# Wer kennt Helbi Fish ???



## R.G. aus Z. (24. Dezember 2016)

Moinsen

Bin beim vorweihnachtlichen Stöbern nach Pilkern und diversem "Kleinkram" bei 1-2-3 auf einen Pilker namens Speed Helbi Fish gestoßen.
Völlig neu für mich : aus A2 Edelstahl - Flachstahl mit Seitenflossen - mit 2 Einzelhaken - für lockere 20 € ( pro Stück !!! )
Irgendwie ist das Teil interessant - so als multifängiger Lieblingspilker, um nicht immer 10 Tonnen Metall mit auf den Kutter zu schleppen .

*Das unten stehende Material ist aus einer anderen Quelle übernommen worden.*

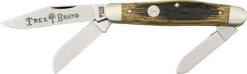 Boker Traditional Series German Beer Barrel Wood Large Stockman Folding Knife 117474BBL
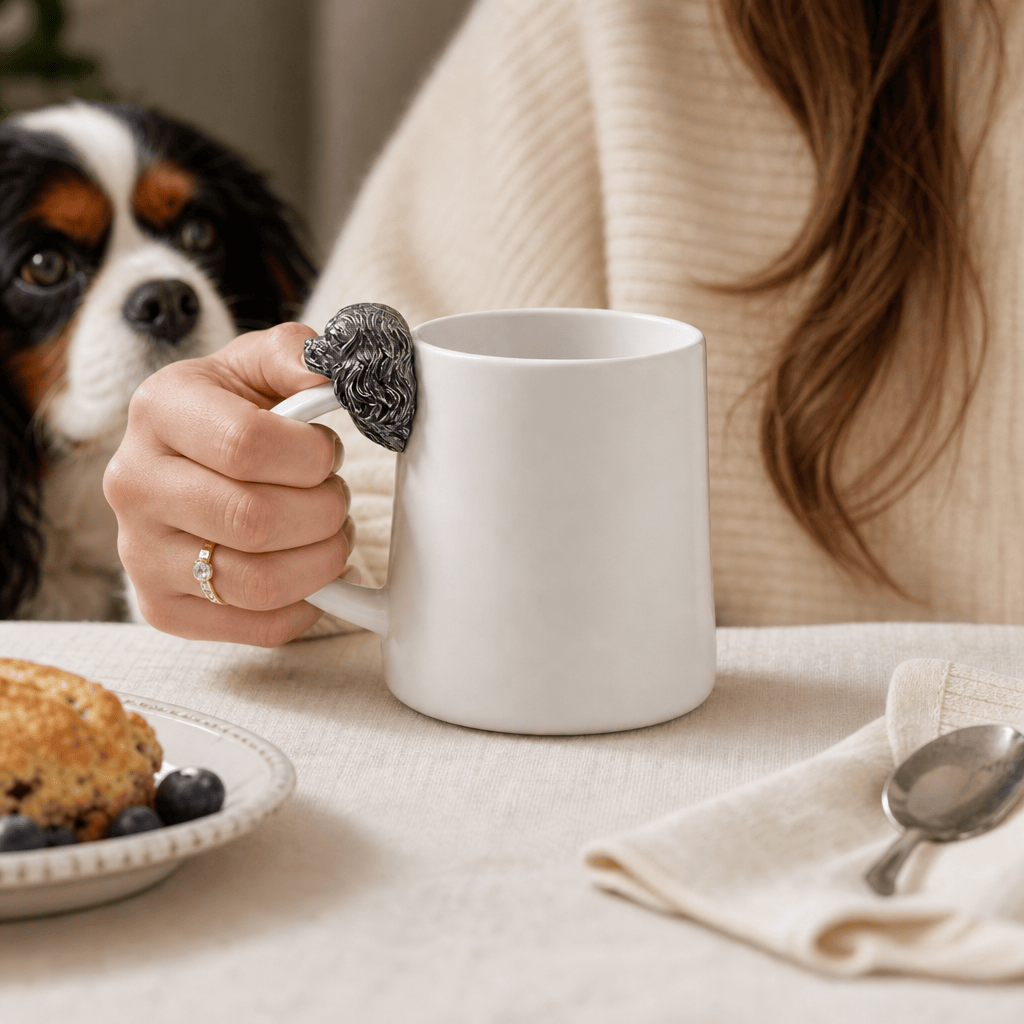 Cavalier King Charles Spaniel Stoneware Coffee Cup 4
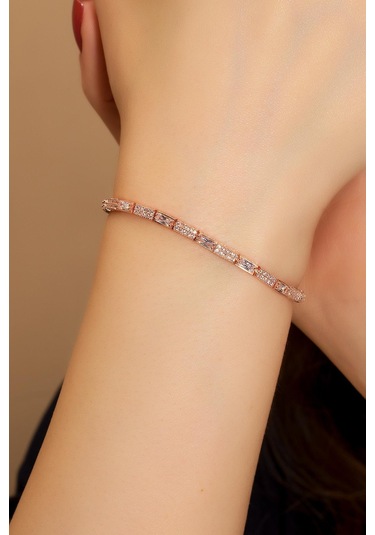 Bybarun Rose Gold Baget Bileklik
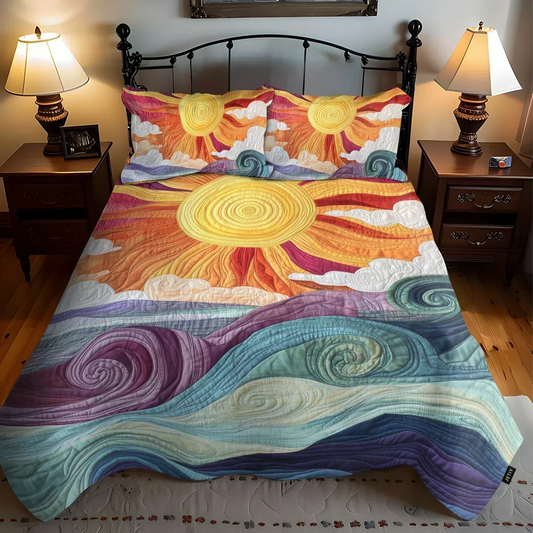 Sunshine Charm 3-Piece Quilted Bedding Set
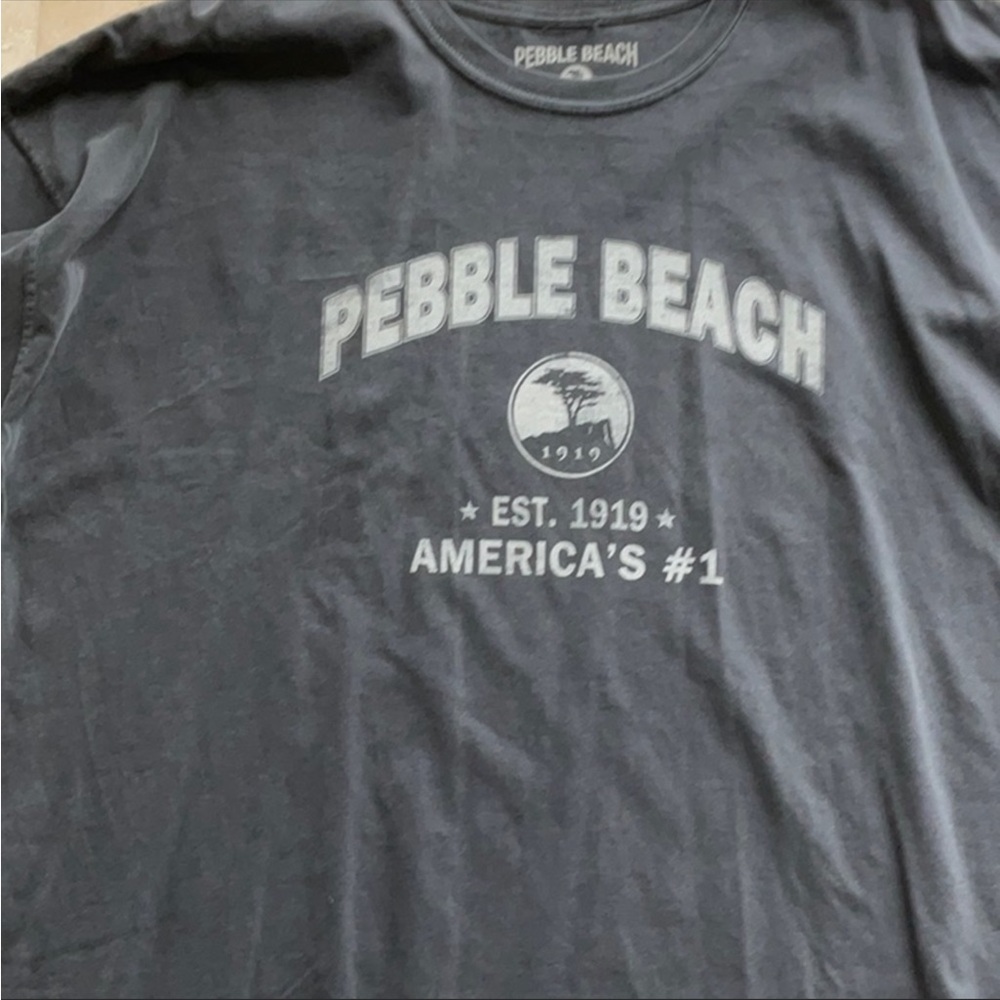 PebbleBeach T shirt Grey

Ich habe davon noch nie etwas gehört und finde den Preis so abgehoben, daß ich neugierig geworden bin.

Hat jemand von Euch schon einmal etwas damit zu tun gehabt ?

Gruß Rainer

Nein, daß ist KEINE versteckte Promo oder Werbung ;-)

P.S. Frohes Fest und kommt alle gesund ins neue Jahr !!!


----------



## Carptigers (24. Dezember 2016)

*AW: Wer kennt Helbi Fish ???*

Bleib beim Altbewährten.
Blitz
Eisele 
Wuttke
Speedy


----------



## offense80 (25. Dezember 2016)

*AW: Wer kennt Helbi Fish ???*

Und nicht zu vergessen die RoGe Pilker, hab ich selbst schon sehr erfolgreich gefischt. Aber ansonsten gebe ich Carptigers recht. Und ganz ehrlich.....20 Euro für einen Pilker...nee sorry ich bin zwar Angler, also auch verrückt, aber nicht Angler, also auch Millionär


----------



## R.G. aus Z. (25. Dezember 2016)

*AW: Wer kennt Helbi Fish ???*

Moinsen
Irgendwie erinnere ich mich an die guten alten DAM Chrompilker. In den 80er und 90ern hatten wir davon immer einige 150g - 250g - Geschosse im Eimer.  Z.T. mit einer rotschimmernden Seite.   Gibt es die überhaupt noch ???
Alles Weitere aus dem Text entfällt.